■ **ENTRIES PROVIDED**:
● ● ●
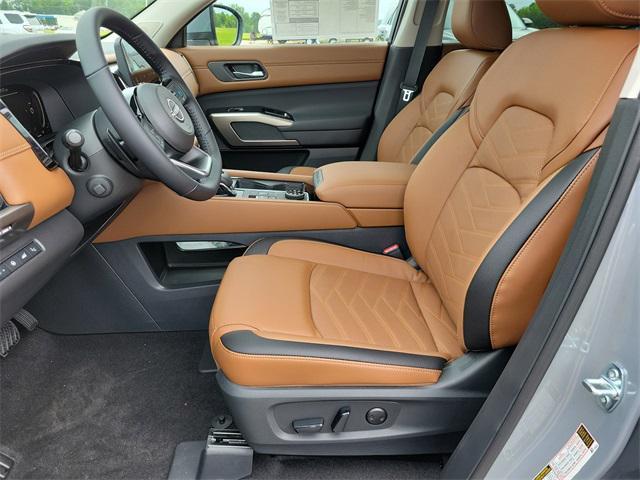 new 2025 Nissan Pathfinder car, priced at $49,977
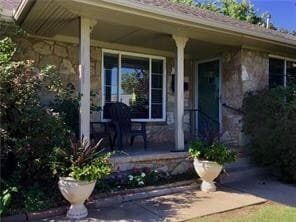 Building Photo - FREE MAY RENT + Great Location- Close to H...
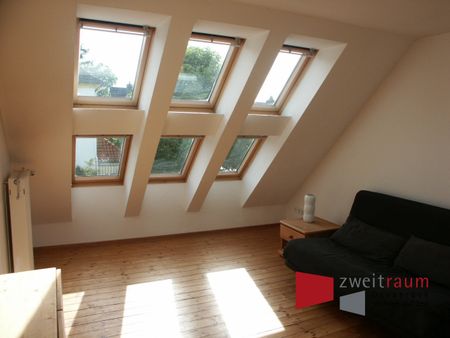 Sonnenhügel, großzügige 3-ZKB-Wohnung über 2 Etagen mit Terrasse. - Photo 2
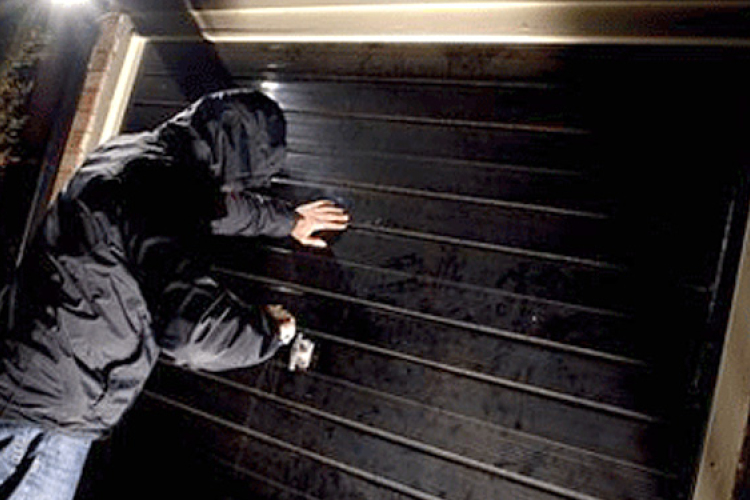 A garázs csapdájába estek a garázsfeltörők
● ● ●
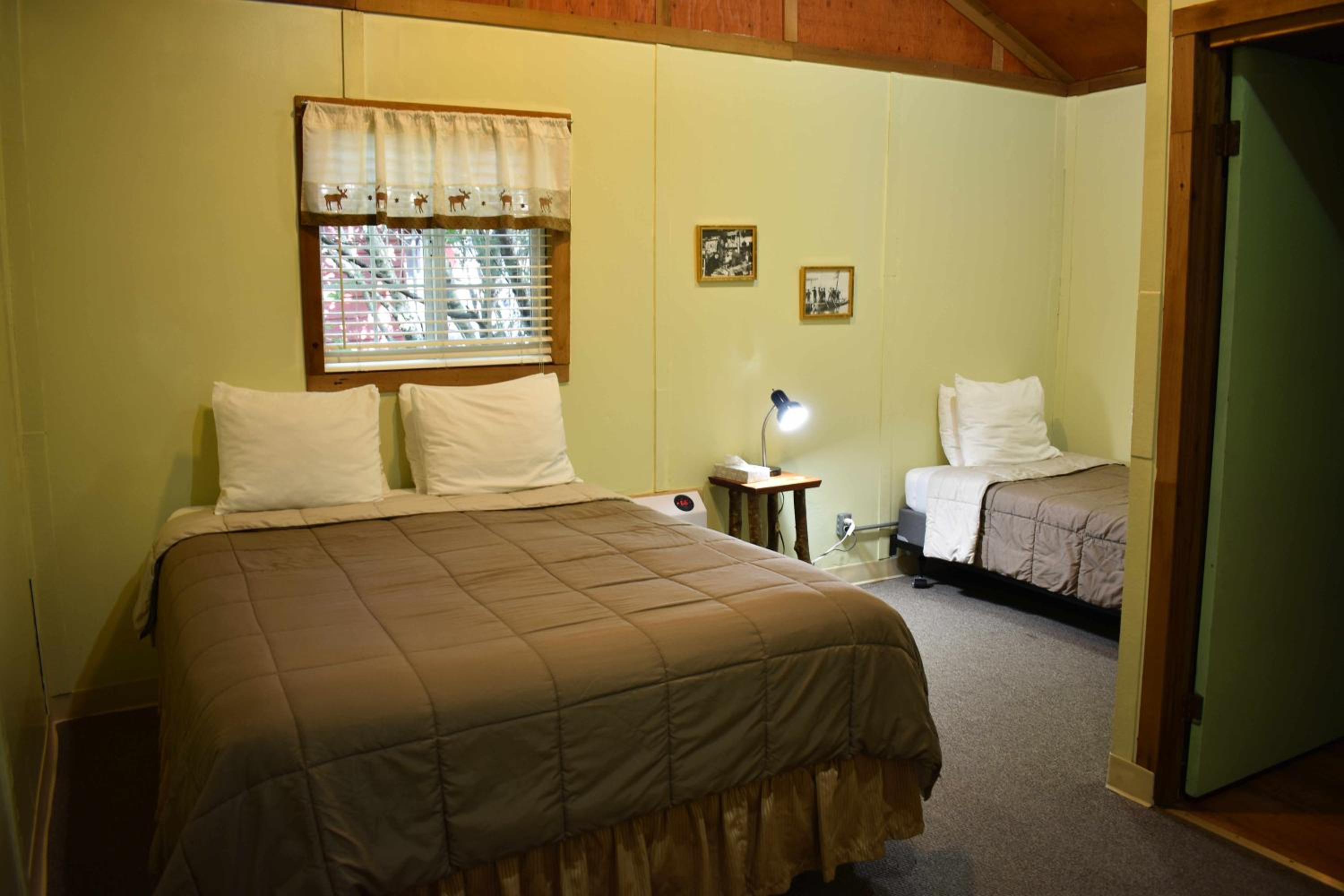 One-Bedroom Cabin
● ● ●
■ **WORK INSTRUCTIONS**: Lines wanted from the entries above: the one with "new 2025 Nissan", the one with "A garázs csapdájába estek a garázsfeltörők", and all lines between. Please copy them exactly, without the pictures and without anything else.

■ **WRITTEN SOLUTION**:
 new 2025 Nissan Pathfinder car, priced at $49,977
 Building Photo - FREE MAY RENT + Great Location- Close to H...
 Sonnenhügel, großzügige 3-ZKB-Wohnung über 2 Etagen mit Terrasse. - Photo 2
 A garázs csapdájába estek a garázsfeltörők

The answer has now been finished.